2 Materials and Methods
2.1 Experimental Materials
Spontaneous combustion gangue (SCG), was collected from the Gaode mining area, Fuxin City, Liaoning Province, China. Its main chemical composition is presented in Tab. 1. The SCG samples were broken and screened out. The 75–96, 96–120, 120–180, 180–425, and 425–1,700 μm particle size fractions were soaked in distilled water 3 times and dried at 60°C.
The modified spontaneous combustion gangue (MSCG) samples were prepared using NaOH, NaCl, and HCl soaking modification. These samples were labeled as NaOH-MSCG, NaCl-MSCG, and HCl-MSCG. The SCG was placed in different modified solutions according to the liquid to solid ratio set in the single factor test, soaked in an oven at 100°C for several hours, taken out of the modified solution, washed with distilled water until neutral, and dried in an oven at 105°C to obtain MSCG.
Because most acid mine drainage pollution has high Fe2+ and Mn2+ contents, we used the Fe2+, Mn2+, and SO42− concentrations as the acid mine drainage quality indicators measured in Rumbel City, Inner Mongolia Autonomous Region, China. We simulated the acid mine drainage in the laboratory. In the field samples, the acid mine drainage contained 947–1118 mg/L of SO42−, 52.85–86.31 mg/L of Fe2+, and 13.42–28.51 mg/L of Mn2+, and it had a pH of 4.84–5.36. In order to ensure that the simulated acid mine drainage was realistic, we ensured that the simulated acid mine drainage contained 1000 mg/L of SO42−, 65 mg/L of Fe2+, and 20 mg/L of Mn2+ and had a pH of 5. All the chemicals used in the experiments were of analytical reagent grade.

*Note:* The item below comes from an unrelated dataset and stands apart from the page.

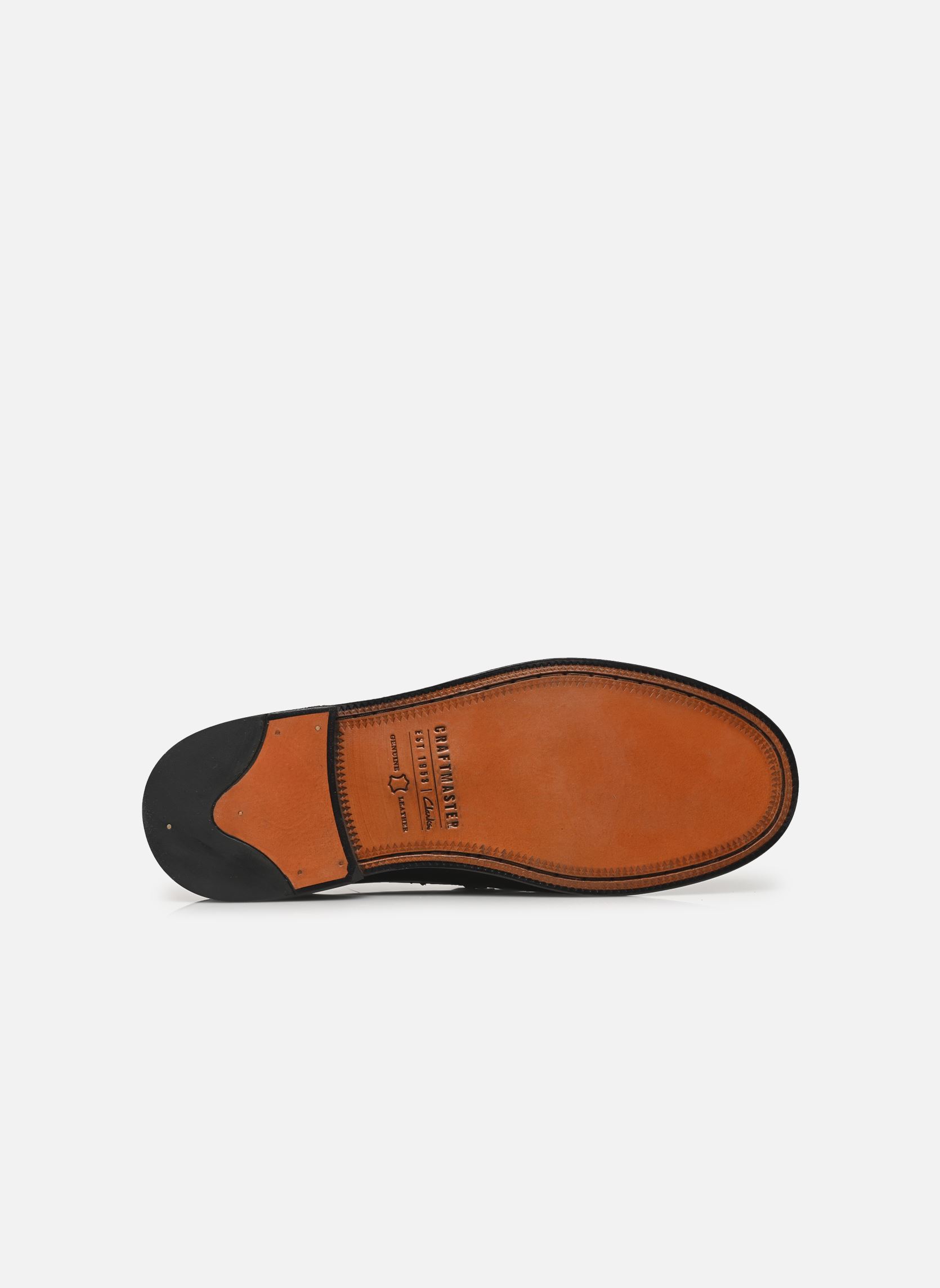 Mocassins CraftJames Lo heren zwart Clarks Mocassins CraftJames Lo heren zwart BLACK/BLACK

2.2 Static Experimental Method
The SCG was weighed and placed in a conical flask containing 50 mL of simulated acid mine drainage at 25°C. The flask was shaken at 100 r/min for 30 min, and then the supernatant was extracted and passed through a 0.45 μm filter membrane. Finally, the residual concentrations of Fe2+ and Mn2+ were measured. The effects of the particle size of the SCG (75–96, 96–120, 120–180, 180–425, and 425–1,700 μm), the dosing amount (1, 2, 3, 4, and 5 g/50 mL), and the reaction time (30, 60, 90, 120, 150, 180, and 240 min) on the adsorption of Fe2+ and Mn2+ from the acid mine drainage by the SCG were investigated using the static single factor test method , which was used to determine the optimal particle size, dosing amount, and reaction time of the SCG.
The MSCG was prepared according to the optimal particle size of the SCG determined from the experiment described above, and the experiment to investigate the adsorption of Fe2+ and Mn2+ from acid mine drainage by MSCG was carried out using the previously determined optimal dosage amount and reaction time. The effects of the NaOH concentration (1, 2, 3, and 4 mol/L), the liquid-solid ratio (2, 4, 6, and 8 L/kg), and the modification time (1, 2, 3, 4, 6, 8, 10, and 12 h) on the adsorption of Fe2+ and Mn2+ from acid mine drainage by NaOH-MSCG were investigated using the static single factor test method , which was used to determine the optimal modifying condition of the NaOH-MSCG. The optimum conditions of the NaCl-MSCG and HCl-MSCG were determined using a method similar to that used for the NaOH-MSCG. The difference from the method used for the NaOH-MSCG is that the modification time for the NaCl-MSCG and HCl-MSCG experiments was extended to 24 h.
Based on the optimum modification conditions of the NaOH-MSCG, NaCl-MSCG, and HCl-MSCG, the efficiencies of the three types of modified spontaneous combustion gangue at removing different concentrations of Fe2+ and Mn2+ were determined and compared with that of SCG to determine the best modification method for the removal of Fe2+ and Mn2+.
2.3 Construction and Method of the Dynamic Experimental Apparatus
As shown in Fig. 1, two plexiglass tubes with inner diameters of 56 mm and heights of 500 mm were used as the reactor. Column No. 1 was used as the control group and column No. 2 was used as the experimental group. Each end of the column was filled with 210 g of quartz sand as a protective layer. The height of the quartz sand was 50 mm. Column No. 1 was filled with 2.4 kg of SCG, and column No. 2 was filled with 2.4 kg of NaOH-MSCG. The height of the SCG and NaOH-MSCG was 400 mm.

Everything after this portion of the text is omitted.